◆ **Task instructions**:
The expected output is the full set of entries, printed exactly, without pictures.

◆ **Source material**:
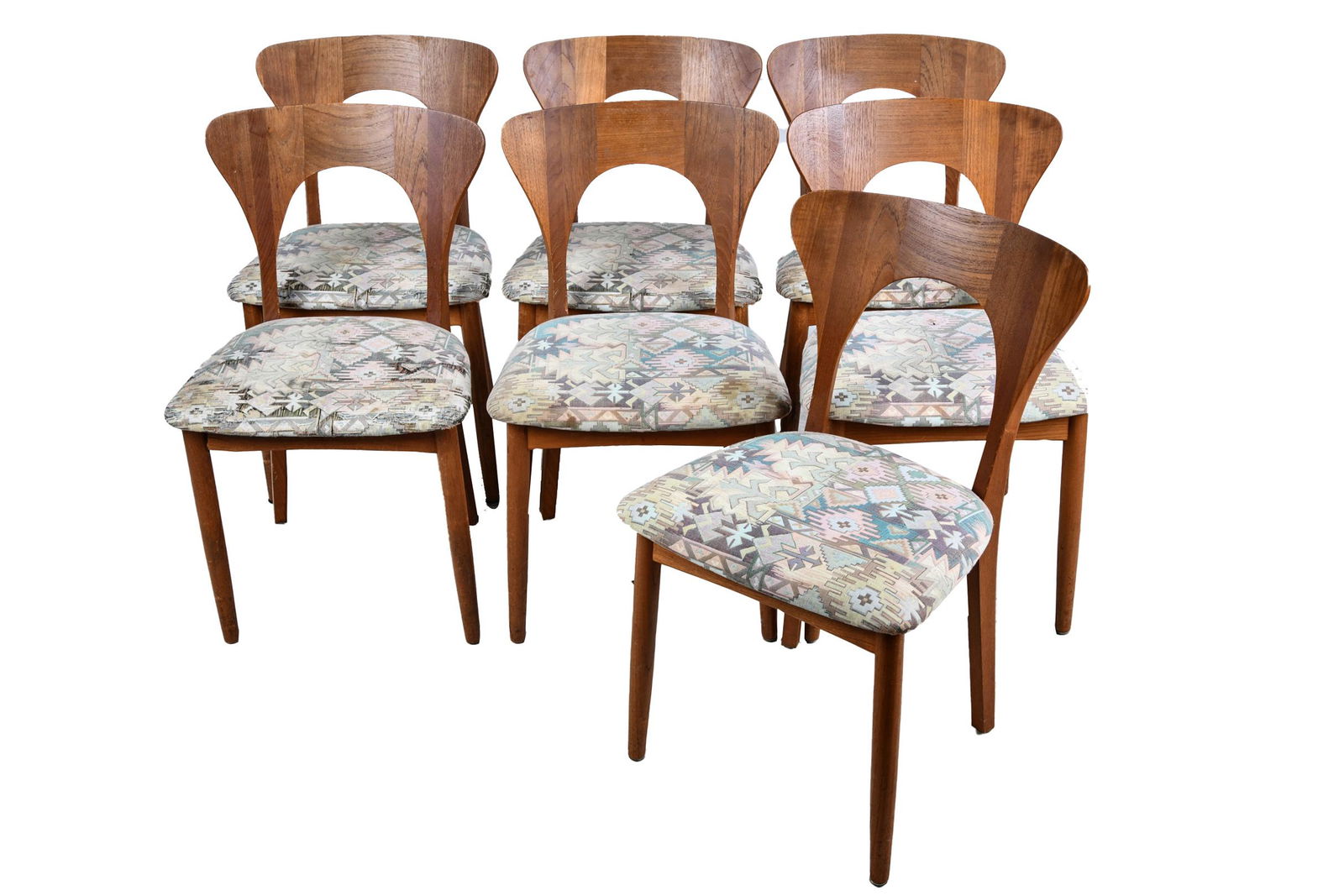 SET OF SEVEN DANISH MODERN DINING CHAIRS (1 of 11)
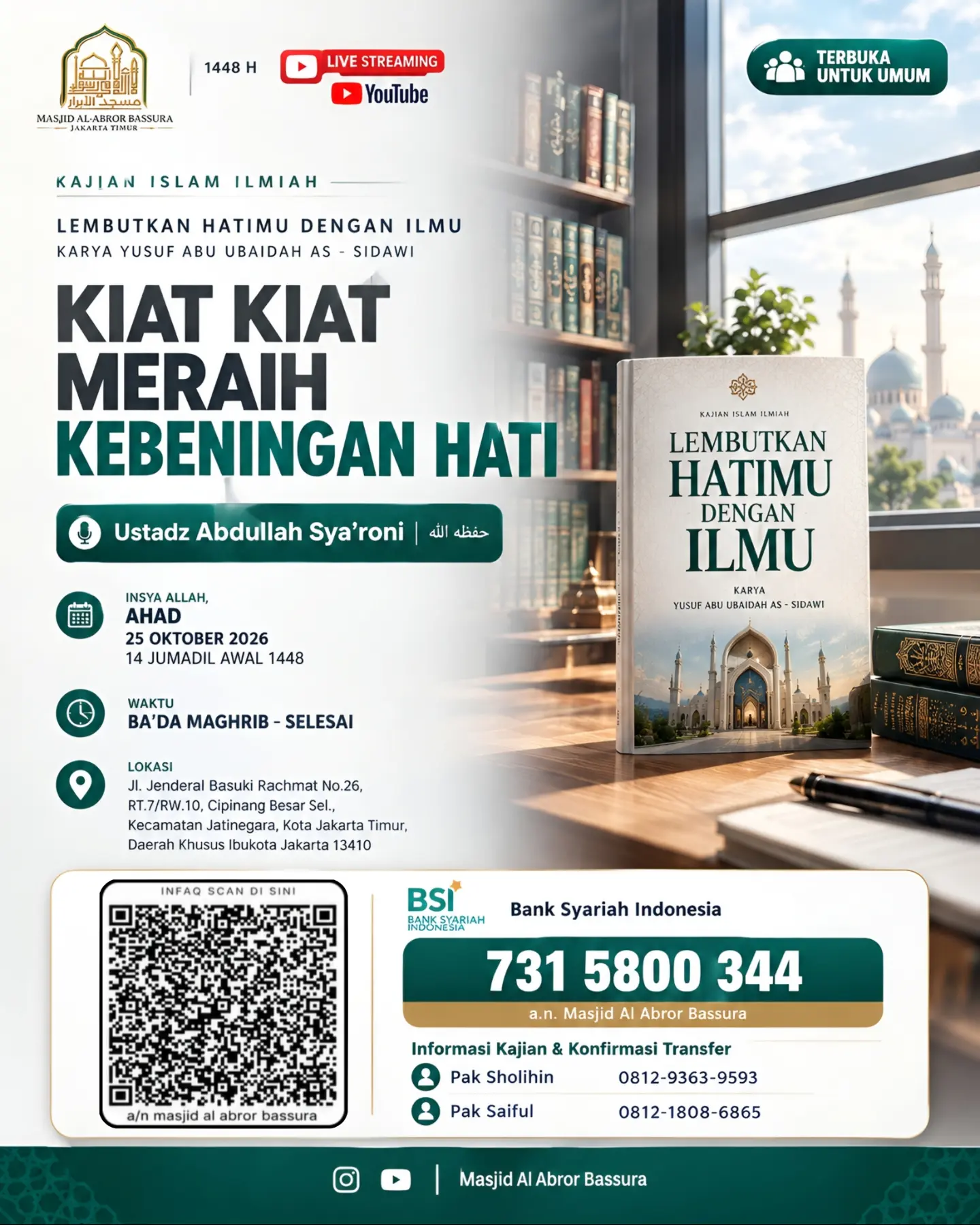 Poster asli dari @masjidalabrorbassura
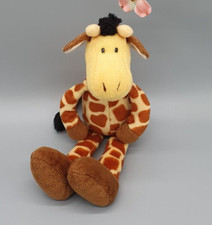 Entzückende NICI Giraffe,🦒Wild Friends, 28 cm, Schlenkertier, blaues Fähnchen🦒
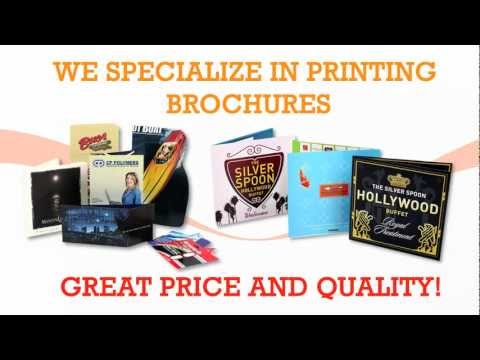 Brochures Printing in Los Angeles by Gold Image Printing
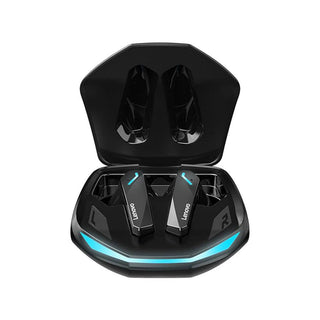 Lenovo GM2 Pro Wireless Earphones Bluetooth 5.3 - product variant black front angled view - b.savvi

◆ **Task answer**:
 SET OF SEVEN DANISH MODERN DINING CHAIRS (1 of 11)
 Poster asli dari @masjidalabrorbassura
 Entzückende NICI Giraffe,🦒Wild Friends, 28 cm, Schlenkertier, blaues Fähnchen🦒
 Brochures Printing in Los Angeles by Gold Image Printing
 Lenovo GM2 Pro Wireless Earphones Bluetooth 5.3 - product variant black front angled view - b.savvi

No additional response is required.